On Giving…
There are infinite ways to approach altruism (well not infinite but neither you nor I likely have the time to go through them all), so what better way than to get straight to heart of the issue: there is no such thing as a purely altruistic act. There, done. Centuries old debate resolved. Why, you ask? It’s simple (and scientific), but before I back up my statement with Google Scholar-driven data (actually, I really did sift through the scientific journals) and Eastern philosophy (which we really should pay attention to), I feel the need to launch into the second half of the statement first: There is no truly altruistic act but it doesn’t matter because we individually and collectively benefit from giving anyway.
Now that you’ve gotten the takeaway point of the blog, I leave it to you to decide whether or not to keep reading (assuming, of course that you haven’t checked out already). Let’s pretend you’ve just made the above statement at Thanksgiving dinner because you’re the nihilistic person in the family and your genetic (and non-genetic) relatives have just rolled their eyes out of not-this-again despair. “Hear me out,” you say, and launch into this:
1) This is your brain. This is your brain on giving. (Please don’t actually say this at the dinner table. It didn’t work in the 80s and it won’t work now. But do check out the research below).
This image is from a study published in NeuroImage that highlights the different parts of your brain that are active when you are selfish (i.e. not giving), when you engage in strategic giving (i.e. giving because you expect adoration, higher status, or something tangible in return), and when you practice prosocial giving (giving without expecting things in return). Even though they are different, there is a fair amount of overlap between strategic and prosocial giving, suggesting that if you can’t bring yourself to be completely altruistic, the act of giving for selfish reasons can still make you feel a little good (though to be clear, we’re saying full altruism makes you feel even better).
2) We are addicted to dopamine.

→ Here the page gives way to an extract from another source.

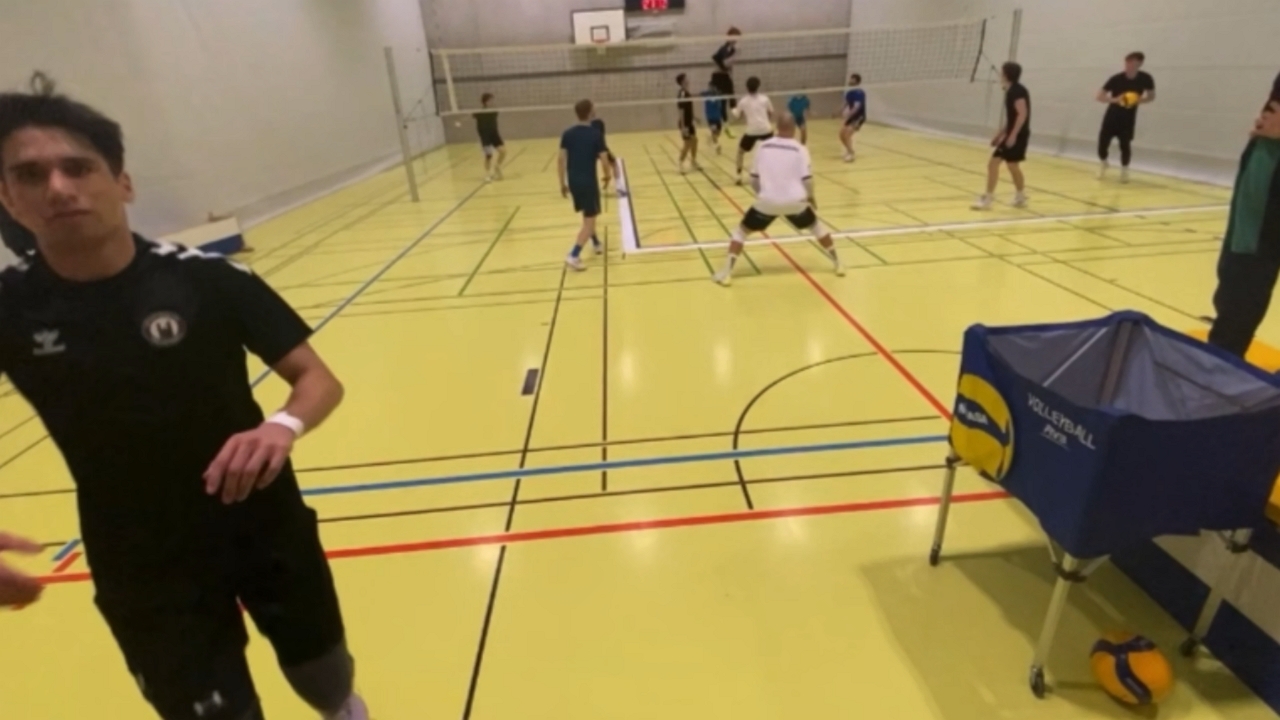 Video thumbnail for Epic Back Block Stuns Volleyball Fans!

No really, it keeps us alive. Three guesses as to what happens to our dopamine levels when we give.
Dopamine is a neurotransmitter (read: chemical in our brain that facilitates communication between neurons) that’s most likely behind motivation. Scientists used to think of it exclusively as the pleasure chemical because it was thought to make us feel good, which in turn makes us want to repeat a behavior. This reward system helps guide the behaviors that keep us alive because it feels good to engage in them. Recent research suggests it plays an even stronger role—it makes us wantto do things rather than just give us information about whether we like the thing we’ve just done. The bonus? Doing something for others, i.e. the act of giving, boosts the amount of dopamine in our brain. Theoretically, if you do enough giving you’re more likely to report positive mood and energy, which then make you more likely to give. Now that’s an upward spiral worth participating in.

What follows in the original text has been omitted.